■ **Your assignment**:
From the data that follows, print exactly the lines starting at the one containing "Be my groomsman" and ending at the one containing "Men Chest Short"; include both of them and nothing more.

■ **Information supplied**:
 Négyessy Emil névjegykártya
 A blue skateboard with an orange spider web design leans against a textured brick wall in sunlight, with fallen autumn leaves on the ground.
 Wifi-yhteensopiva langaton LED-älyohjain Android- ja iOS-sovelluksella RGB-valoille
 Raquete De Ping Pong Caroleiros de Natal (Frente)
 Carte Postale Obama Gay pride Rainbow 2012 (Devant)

--

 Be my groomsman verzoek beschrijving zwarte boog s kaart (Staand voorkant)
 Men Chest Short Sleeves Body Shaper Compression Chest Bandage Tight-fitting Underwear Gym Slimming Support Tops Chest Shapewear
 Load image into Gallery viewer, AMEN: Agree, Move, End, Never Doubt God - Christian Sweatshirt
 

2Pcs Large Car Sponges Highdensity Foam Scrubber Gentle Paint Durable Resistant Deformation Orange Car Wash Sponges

* * *

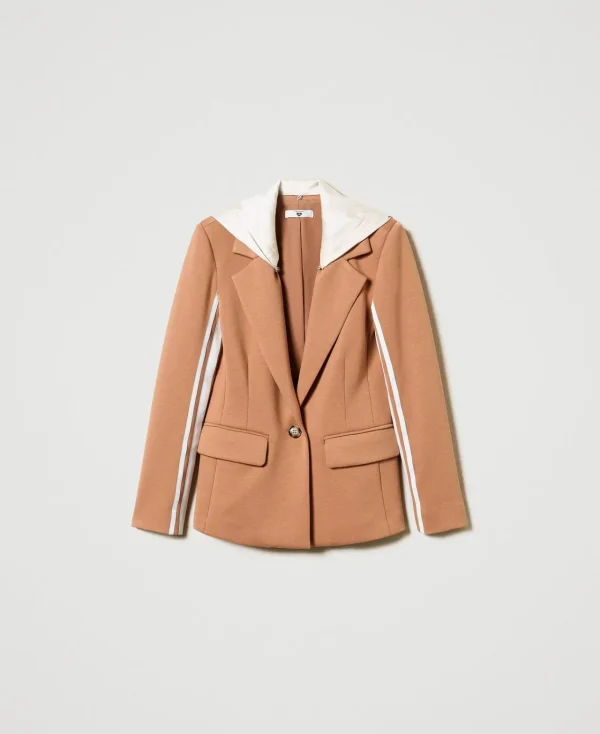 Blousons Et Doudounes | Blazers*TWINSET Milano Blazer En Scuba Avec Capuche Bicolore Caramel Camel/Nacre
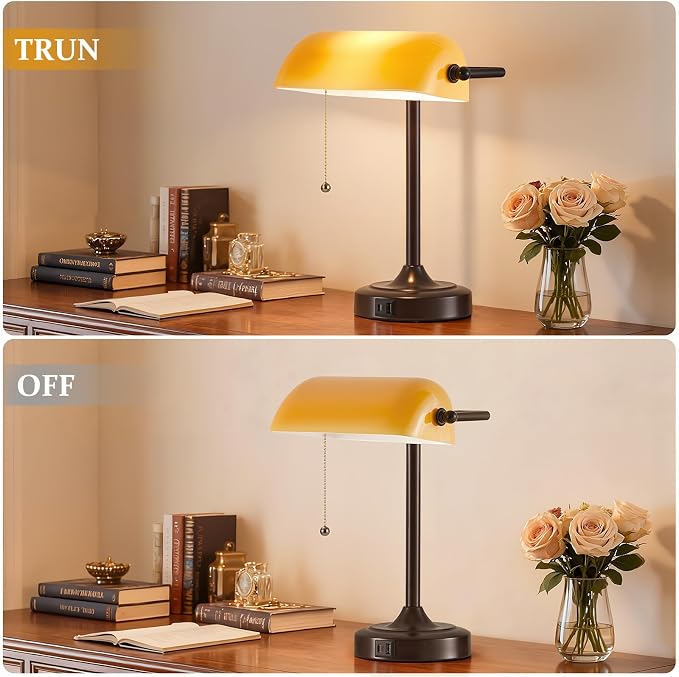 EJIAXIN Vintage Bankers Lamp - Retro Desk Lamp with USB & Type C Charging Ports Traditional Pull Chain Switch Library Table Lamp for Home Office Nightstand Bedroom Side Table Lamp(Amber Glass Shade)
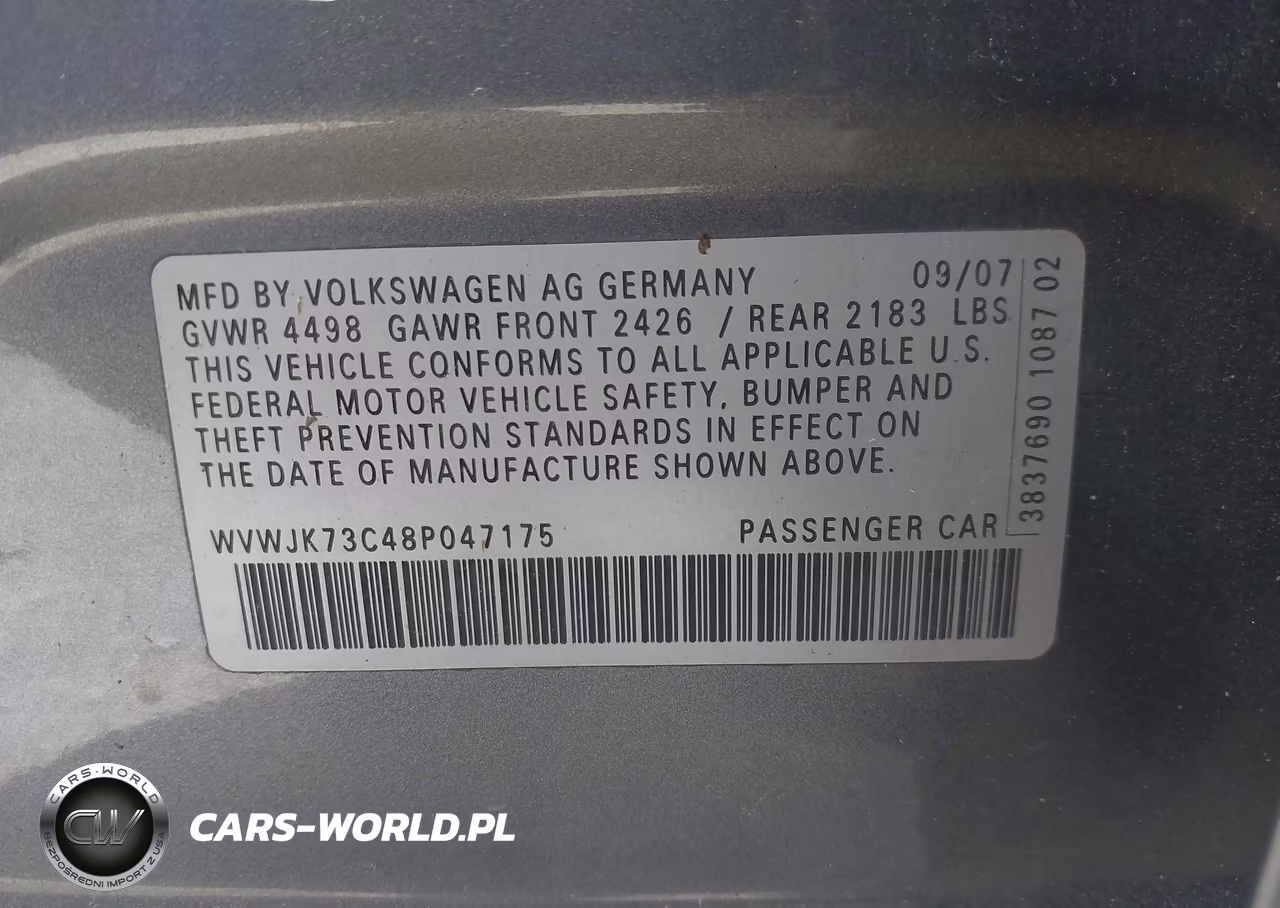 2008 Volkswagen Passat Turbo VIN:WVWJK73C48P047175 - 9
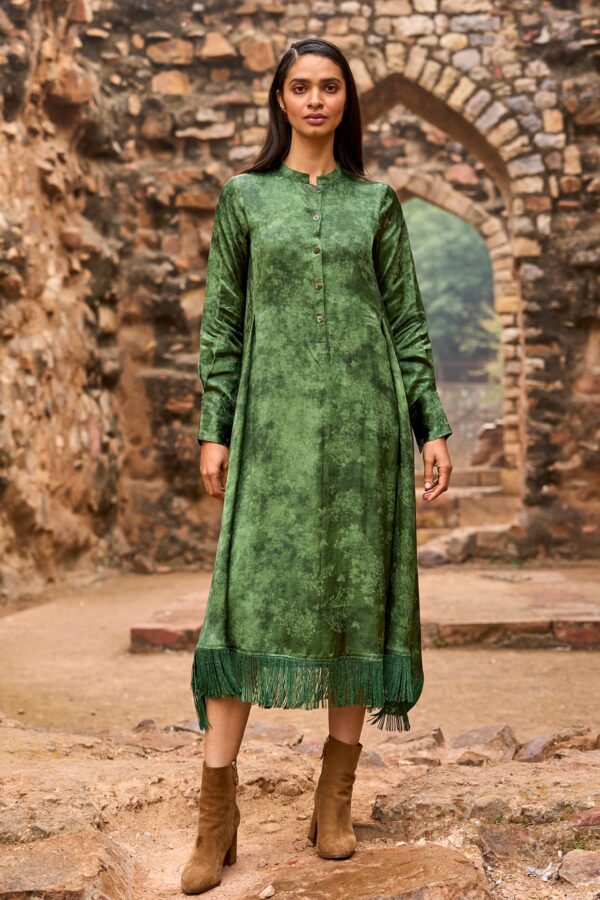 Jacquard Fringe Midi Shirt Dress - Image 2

■ **Answer for the task**:
 Be my groomsman verzoek beschrijving zwarte boog s kaart (Staand voorkant)
 Men Chest Short Sleeves Body Shaper Compression Chest Bandage Tight-fitting Underwear Gym Slimming Support Tops Chest Shapewear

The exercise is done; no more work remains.